15 décembre 2012

Le point de vue animal, d'Eric Baratay

Le point de vue animal
Une autre version de l'histoire
d'Eric Baratay

Le chien est le meilleur ami de l'homme mais l'homme est-il son meilleur ami ? Rien n'est moins sûr, si l'on en juge par les traitements parfois infligés et, dans un autre domaine, la place médiocre que l'histoire et la philosophie réservent habituellement aux animaux.

A travers l'exemple des taureaux de corrida, des chevaux de mine ou encore des vaches laitières, Eric Baratay cherche à rendre la parole, ou à défaut leur histoire, aux animaux. Les constituer en sujets, voire acteurs de l'histoire, tel est le défi à relever.

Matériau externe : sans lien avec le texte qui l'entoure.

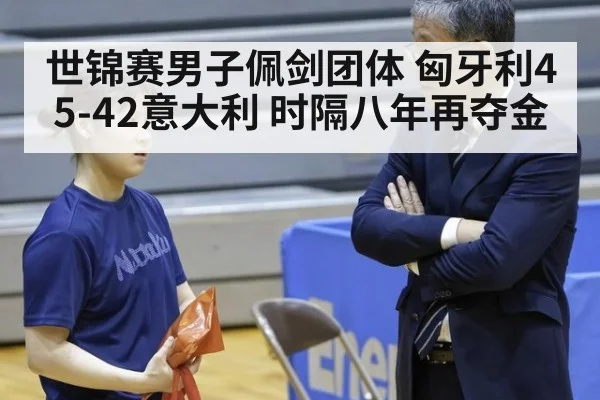世锦赛男子佩剑团体 匈牙利45-42意大利 时隔八年再夺金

Renouvelant l'étude traditionnelle de leurs représentations, il propose une histoire des cultures animales qui ne soit plus anthropocentrée. Il s'agit désormais en effet de se pencher sur la construction du sujet animal, de prendre au sérieux "l'expérience vécue", notamment la souffrance et la violence qu'il subit, mais aussi la connivence et la complicité qui peuvent le lier à l'homme.

C'est afin de mieux rendre compte de l'histoire globale du sujet animal que l'auteur retrace alors l'incessante adaptation des espèces et des individus aux conditions naturelles et humaines.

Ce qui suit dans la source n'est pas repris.